▶ _RECORDED DATA_
*****

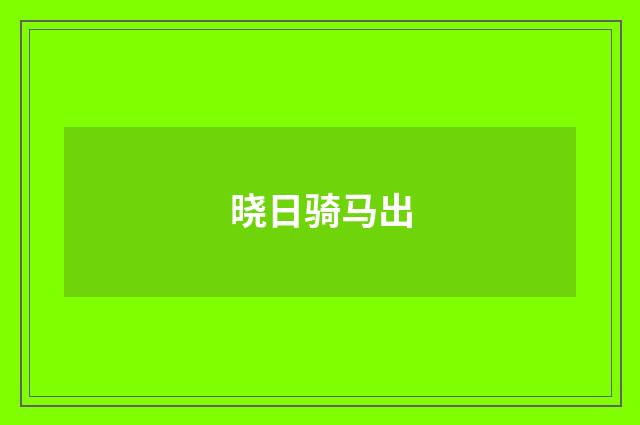 晓日骑马出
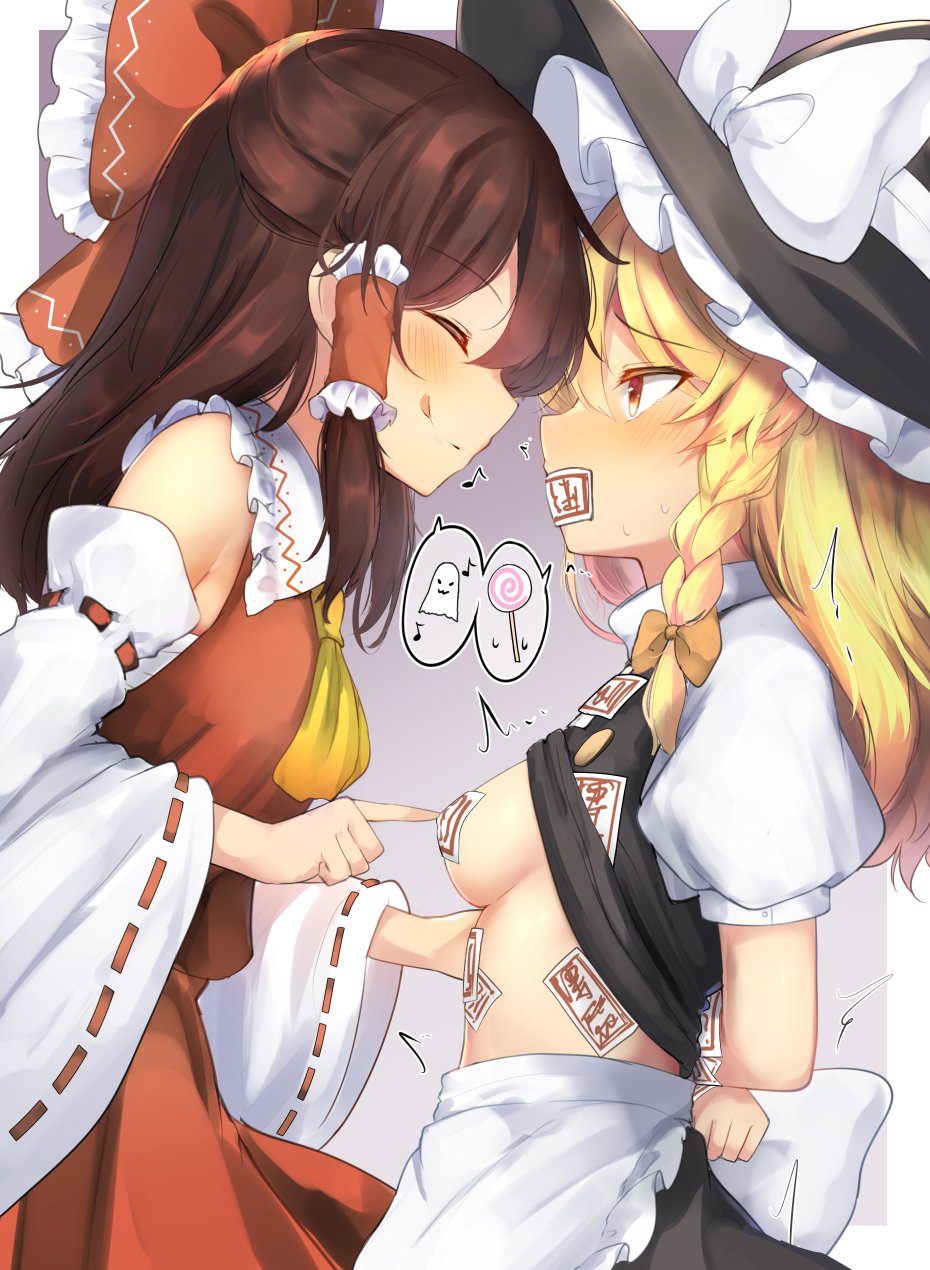 2girls :p apron arms_behind_back ascot back_bow black_headwear black_skirt black_vest blonde_hair blush bow braid brown_hair buttons candy closed_eyes collared_shirt covered_mouth covered_nipples detached_sleeves eye_contact food frilled_bow frilled_hair_tubes frilled_shirt_collar frills frown ghost hair_bow hair_tubes hakurei_reimu hat hat_bow hat_ornament highres kirisame_marisa leon0705 licking_lips lollipop long_hair looking_at_another multiple_girls musical_note ofuda ofuda_on_clothes ofuda_on_head ofuda_on_nipples pasties pointing puffy_short_sleeves puffy_sleeves red_bow red_eyes red_shirt red_skirt red_vest ribbon-trimmed_sleeves ribbon_trim shirt short_sleeves sidelocks single_braid skirt sleeveless sleeveless_shirt smile speech_bubble tongue tongue_out touhou turtleneck vest waist_apron white_apron white_bow white_shirt white_sleeves wide_sleeves witch_hat yellow_ascot yellow_bow yuri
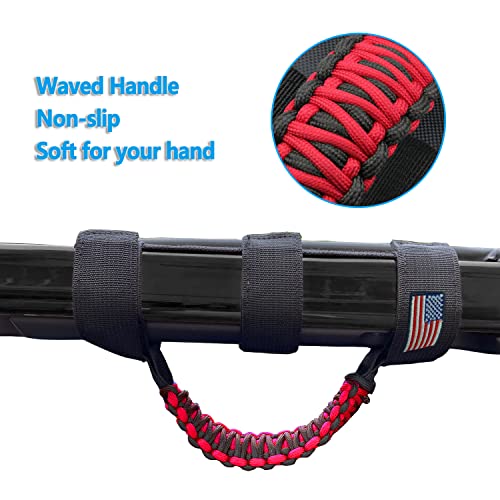 KOHUIPU Premium Paracord Roll Bar Grab Handles for Jeep Wrangler YJ TJ JK JKU JL JLU Sports Sahara Freedom Rubicon Unlimited X Gladiator JT 1955-2023 UTV ATV (4Pack, Red) - Image 4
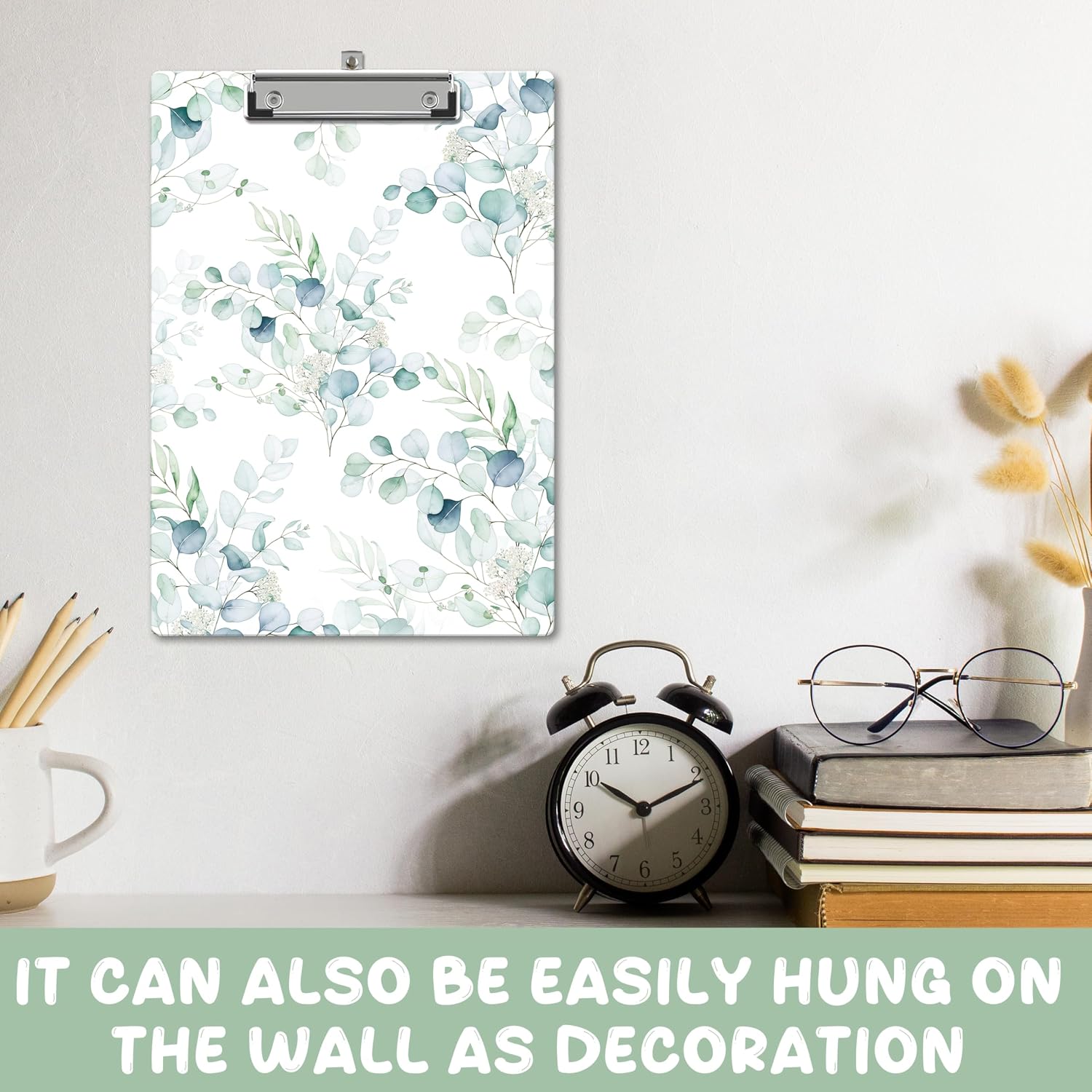 Cute Clipboard, Green Leaves Wooden Decorative Clipboards with Low Profile Clip for Classroom Office, Personalized ClipBoards for Teachers Nurses Students - D02 image 4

*****

▶ _TASK DIRECTIONS_
Your copy of the material above should be exact and free of pictures.

▶ _EXERCISE RESULT_
 晓日骑马出
 2girls :p apron arms_behind_back ascot back_bow black_headwear black_skirt black_vest blonde_hair blush bow braid brown_hair buttons candy closed_eyes collared_shirt covered_mouth covered_nipples detached_sleeves eye_contact food frilled_bow frilled_hair_tubes frilled_shirt_collar frills frown ghost hair_bow hair_tubes hakurei_reimu hat hat_bow hat_ornament highres kirisame_marisa leon0705 licking_lips lollipop long_hair looking_at_another multiple_girls musical_note ofuda ofuda_on_clothes ofuda_on_head ofuda_on_nipples pasties pointing puffy_short_sleeves puffy_sleeves red_bow red_eyes red_shirt red_skirt red_vest ribbon-trimmed_sleeves ribbon_trim shirt short_sleeves sidelocks single_braid skirt sleeveless sleeveless_shirt smile speech_bubble tongue tongue_out touhou turtleneck vest waist_apron white_apron white_bow white_shirt white_sleeves wide_sleeves witch_hat yellow_ascot yellow_bow yuri
 KOHUIPU Premium Paracord Roll Bar Grab Handles for Jeep Wrangler YJ TJ JK JKU JL JLU Sports Sahara Freedom Rubicon Unlimited X Gladiator JT 1955-2023 UTV ATV (4Pack, Red) - Image 4
 Cute Clipboard, Green Leaves Wooden Decorative Clipboards with Low Profile Clip for Classroom Office, Personalized ClipBoards for Teachers Nurses Students - D02 image 4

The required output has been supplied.